To solve the problem step-by-step, we will analyze the motion of the bullet as it penetrates the planks and how the distance it travels relates to its speed. ### Step 1: Understand the Initial Conditions The bullet penetrates 2 planks of equal thickness at an initial speed of \(100 \, \text{m/s}\). Let the thickness of each plank be \(B\). Therefore, the total distance the bullet travels through the planks is \(2B\). ### Step 2: Use the Kinematic Equation We can use the kinematic equation for uniformly decelerated motion: \[ v^2 = u^2 - 2as \] where: - \(v\) is the final velocity (0, since the bullet stops), - \(u\) is the initial velocity (100 m/s), - \(a\) is the deceleration, - \(s\) is the distance traveled (which is \(2B\)). Rearranging the equation gives us: \[ 0 = (100)^2 - 2a(2B) \] This simplifies to: \[ 10000 = 4aB \] From this, we can express \(a\): \[ a = \frac{10000}{4B} = \frac{2500}{B} \] ### Step 3: Analyze the New Conditions Now, if the speed of the bullet is doubled, the new speed \(u' = 200 \, \text{m/s}\). We want to find out how many planks the bullet can penetrate at this new speed. ### Step 4: Apply the Kinematic Equation Again Using the same kinematic equation for the new speed: \[ v^2 = u'^2 - 2as' \] where \(s'\) is the new distance traveled.
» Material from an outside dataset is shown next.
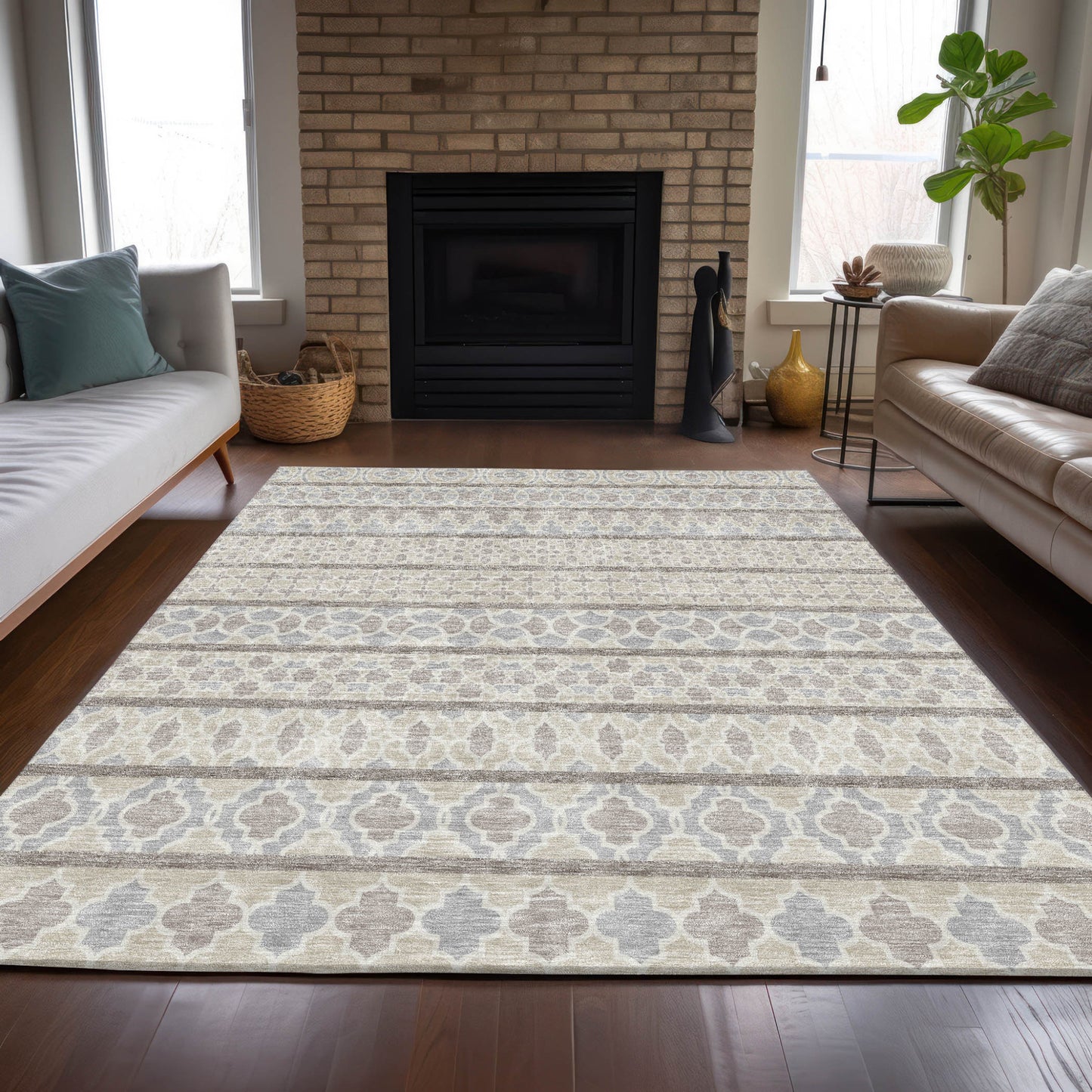 3' X 5' Ivory Beige And Taupe Quatrefoil Washable Indoor Outdoor Area Rug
Setting \(v = 0\) gives us: \[ 0 = (200)^2 - 2a s' \] This simplifies to: \[ 40000 = 2a s' \] Substituting \(a = \frac{2500}{B}\) into the equation: \[ 40000 = 2 \left(\frac{2500}{B}\right) s' \] This simplifies to: \[ 40000 = \frac{5000 s'}{B} \] Rearranging gives: \[ s' = \frac{40000 B}{5000} = 8B \] ### Step 5: Calculate the Number of Planks Since each plank has a thickness \(B\), the number of planks \(N\) that can be penetrated is: \[ N = \frac{s'}{B} = \frac{8B}{B} = 8 \] ### Conclusion Thus, if the speed of the bullet is doubled, it can penetrate **8 planks**. ---